B. Karar Düzeltme Sebepleri
1.Davacı kadın vekili; bozma kararının 1. bendi yönünden karar itiraz ettiklerini, dava dilekçesinde belirttikleri ve yargılama aşamasında ortaya çıkan 6 adet yarım altına ilişkin bir açıklama yapılmadığını, ileri sürerek; kararın bu yönden düzeltilmesini ve Mahkeme kararının bozulmasına karar verilmesini talep etmiştir.
2.Davalı erkek vekili; itirazlarının değerlendirilmediğini, davacı tanıklarının çelişki ve yanlı beyanlarına itibar edilerek karar verildiğini, bozma kararının hangi delile istinaden verildiğini anlamadıklarını, delil bildirme usulüne aykırı olarak verilen fotoğraflara itibar edildiğini, önce fotokopi sunulan fotoğrafların asıllarını, 6 sene sonrada bu dosya ile alakasız 2 adet fotoğraf fotokopisi sunulduğunu, bu delile muvafakat etmediklerini belirterek mahkeme kararının lehlerine olacak şekilde bozulmak üzere kararın düzeltilmesini talep etmiştir.
C. Gerekçe
1. Uyuşmazlık ve Hukuki Nitelendirme
Uyuşmazlık, kadın tarafından açılan ziynet alacağı davasında mahkemece verilen kısmen kabul, kısmen ret kararının doğru olup olmadığı, 1 bilezik, 1 adet küpe ve 25 çeyrek altın yönünden de davanın kabulünün gerekip gerekmediği, buradan hareketle Dairemiz bozma kararının yerinde olup olmadığı noktasında toplanmaktadır.
2. İlgili Hukuk
6100 sayılı Hukuk Muhakemeleri Kanun'un geçici 3 üncü maddesinin ikinci fıkrası atfıyla uygulanmasına devam olunan mülga 1086 sayılı Hukuk Usulü Muhakemeleri Kanunu'nun (1086 sayılı Kanun) 440 ıncı maddesi. 4721 sayılı Türk Medeni Kanun’un 1 inci, 2 nci, 6 ncı, 220 nci,222 nci ve 226 ncı maddeleri.
3. Değerlendirme
1. Yargıtay kararının düzeltilmesi 1086 sayılı Kanun'un 440 ıncı maddesinde yer alan sebeplerden birinin varlığı hâlinde mümkündür.
2. Mahkemece verilen karar, Dairemizce yasal ve hukuki dayanakları gösterilmek suretiyle bozulmuş olup, temyiz ilamında bildirilen gerektirici sebeplere göre karar düzeltme istemi 1086 sayılı Kanun'un 440 ıncı maddesindeki nedenlerden hiçbirisine dayanmamaktadır.
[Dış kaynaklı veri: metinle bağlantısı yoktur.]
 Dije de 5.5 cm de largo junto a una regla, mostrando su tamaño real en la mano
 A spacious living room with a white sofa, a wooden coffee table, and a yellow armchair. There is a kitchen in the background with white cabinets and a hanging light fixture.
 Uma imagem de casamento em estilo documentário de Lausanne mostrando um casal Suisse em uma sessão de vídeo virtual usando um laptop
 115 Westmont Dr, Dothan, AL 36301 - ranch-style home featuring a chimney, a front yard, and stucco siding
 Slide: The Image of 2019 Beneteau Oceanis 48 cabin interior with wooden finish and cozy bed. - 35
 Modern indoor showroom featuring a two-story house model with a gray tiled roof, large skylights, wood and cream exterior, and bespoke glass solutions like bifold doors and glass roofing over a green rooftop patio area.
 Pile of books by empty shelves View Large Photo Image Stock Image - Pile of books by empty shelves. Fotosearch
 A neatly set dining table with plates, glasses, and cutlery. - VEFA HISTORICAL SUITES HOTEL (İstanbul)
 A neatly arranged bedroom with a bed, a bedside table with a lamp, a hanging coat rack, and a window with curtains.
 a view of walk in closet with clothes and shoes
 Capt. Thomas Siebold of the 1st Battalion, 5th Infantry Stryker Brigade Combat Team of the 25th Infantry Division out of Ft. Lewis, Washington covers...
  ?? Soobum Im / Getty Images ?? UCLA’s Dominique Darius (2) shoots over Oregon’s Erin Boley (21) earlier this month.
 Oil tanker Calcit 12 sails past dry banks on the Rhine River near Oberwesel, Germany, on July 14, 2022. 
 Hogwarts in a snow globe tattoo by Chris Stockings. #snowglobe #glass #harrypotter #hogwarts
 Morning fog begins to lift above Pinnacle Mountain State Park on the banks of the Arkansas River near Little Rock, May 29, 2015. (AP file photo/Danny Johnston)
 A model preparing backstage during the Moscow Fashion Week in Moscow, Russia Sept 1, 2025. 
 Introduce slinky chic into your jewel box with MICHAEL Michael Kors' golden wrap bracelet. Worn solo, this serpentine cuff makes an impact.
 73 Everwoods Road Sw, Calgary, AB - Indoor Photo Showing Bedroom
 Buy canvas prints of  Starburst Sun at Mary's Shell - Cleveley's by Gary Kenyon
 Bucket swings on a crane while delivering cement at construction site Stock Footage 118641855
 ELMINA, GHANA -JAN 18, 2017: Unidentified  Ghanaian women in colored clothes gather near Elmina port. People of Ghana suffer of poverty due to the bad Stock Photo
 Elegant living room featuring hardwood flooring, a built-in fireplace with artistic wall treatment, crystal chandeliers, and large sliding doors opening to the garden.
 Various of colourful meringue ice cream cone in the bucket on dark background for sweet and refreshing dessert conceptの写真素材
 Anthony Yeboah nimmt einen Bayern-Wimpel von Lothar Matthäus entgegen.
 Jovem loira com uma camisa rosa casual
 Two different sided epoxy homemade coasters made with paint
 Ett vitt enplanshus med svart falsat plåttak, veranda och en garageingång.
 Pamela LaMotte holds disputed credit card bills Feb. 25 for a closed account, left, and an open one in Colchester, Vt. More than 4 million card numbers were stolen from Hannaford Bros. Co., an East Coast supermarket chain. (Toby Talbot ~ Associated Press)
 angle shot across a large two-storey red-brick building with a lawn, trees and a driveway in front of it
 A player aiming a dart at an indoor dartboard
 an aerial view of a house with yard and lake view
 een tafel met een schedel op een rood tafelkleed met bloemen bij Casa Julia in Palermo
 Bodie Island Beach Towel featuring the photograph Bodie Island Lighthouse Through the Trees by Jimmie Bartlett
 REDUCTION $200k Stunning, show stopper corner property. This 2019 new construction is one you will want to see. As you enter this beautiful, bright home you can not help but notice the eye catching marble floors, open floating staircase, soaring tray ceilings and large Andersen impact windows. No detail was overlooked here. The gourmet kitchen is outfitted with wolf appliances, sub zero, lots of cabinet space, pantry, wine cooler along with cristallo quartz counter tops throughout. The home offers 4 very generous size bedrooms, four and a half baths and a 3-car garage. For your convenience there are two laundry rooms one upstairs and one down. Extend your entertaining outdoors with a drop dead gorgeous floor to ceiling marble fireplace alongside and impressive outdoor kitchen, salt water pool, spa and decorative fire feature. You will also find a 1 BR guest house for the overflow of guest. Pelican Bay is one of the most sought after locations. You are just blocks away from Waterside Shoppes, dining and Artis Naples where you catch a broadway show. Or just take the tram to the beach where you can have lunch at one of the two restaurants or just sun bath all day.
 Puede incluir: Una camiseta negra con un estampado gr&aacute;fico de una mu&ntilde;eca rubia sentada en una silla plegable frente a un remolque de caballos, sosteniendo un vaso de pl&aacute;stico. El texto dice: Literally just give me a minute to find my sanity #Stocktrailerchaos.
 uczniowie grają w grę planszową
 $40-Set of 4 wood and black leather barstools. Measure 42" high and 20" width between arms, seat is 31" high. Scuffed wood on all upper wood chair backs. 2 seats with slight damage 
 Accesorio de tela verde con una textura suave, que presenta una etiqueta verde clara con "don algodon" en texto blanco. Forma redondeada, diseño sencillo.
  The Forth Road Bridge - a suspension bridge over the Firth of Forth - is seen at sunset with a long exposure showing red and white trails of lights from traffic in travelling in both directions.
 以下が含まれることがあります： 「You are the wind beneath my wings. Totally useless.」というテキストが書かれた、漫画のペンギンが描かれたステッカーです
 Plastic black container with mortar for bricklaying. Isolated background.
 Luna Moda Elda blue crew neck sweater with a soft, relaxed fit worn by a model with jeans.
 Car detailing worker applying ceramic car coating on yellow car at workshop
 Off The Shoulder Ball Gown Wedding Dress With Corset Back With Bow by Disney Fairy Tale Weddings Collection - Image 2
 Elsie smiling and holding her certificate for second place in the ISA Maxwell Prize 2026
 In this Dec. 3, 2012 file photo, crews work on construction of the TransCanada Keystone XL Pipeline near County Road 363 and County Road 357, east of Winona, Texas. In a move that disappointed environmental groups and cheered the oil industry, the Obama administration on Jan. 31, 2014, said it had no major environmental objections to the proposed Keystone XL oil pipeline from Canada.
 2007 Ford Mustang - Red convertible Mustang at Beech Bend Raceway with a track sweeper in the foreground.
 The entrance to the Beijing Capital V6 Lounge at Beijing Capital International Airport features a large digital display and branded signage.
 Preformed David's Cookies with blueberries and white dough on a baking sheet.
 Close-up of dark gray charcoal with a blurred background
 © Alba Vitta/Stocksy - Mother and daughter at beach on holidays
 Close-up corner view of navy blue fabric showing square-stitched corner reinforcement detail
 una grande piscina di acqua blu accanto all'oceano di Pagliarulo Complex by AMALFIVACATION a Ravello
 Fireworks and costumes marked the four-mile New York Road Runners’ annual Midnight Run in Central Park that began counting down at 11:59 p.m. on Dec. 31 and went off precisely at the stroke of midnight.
Bu nedenle yerinde olmayan istemin reddi gerekmiştir.
VI. KARAR
Açıklanan sebeple;
Karar düzeltme talebinin REDDİNE,
1086 sayılı Kanun'un 442 nci maddesinin son fıkrası ve 4421 sayılı Kanun'un 2 nci ve 4 üncü maddesinin (b) bendinin (1) inci alt bendi delaletiyle takdiren 1.470,00 TL para ceza ile 562,65 TL karar düzeltme ret harcının düzeltme isteyenlerden tahsiline,12.10.2023 tarihinde oy birliğiyle karar verildi.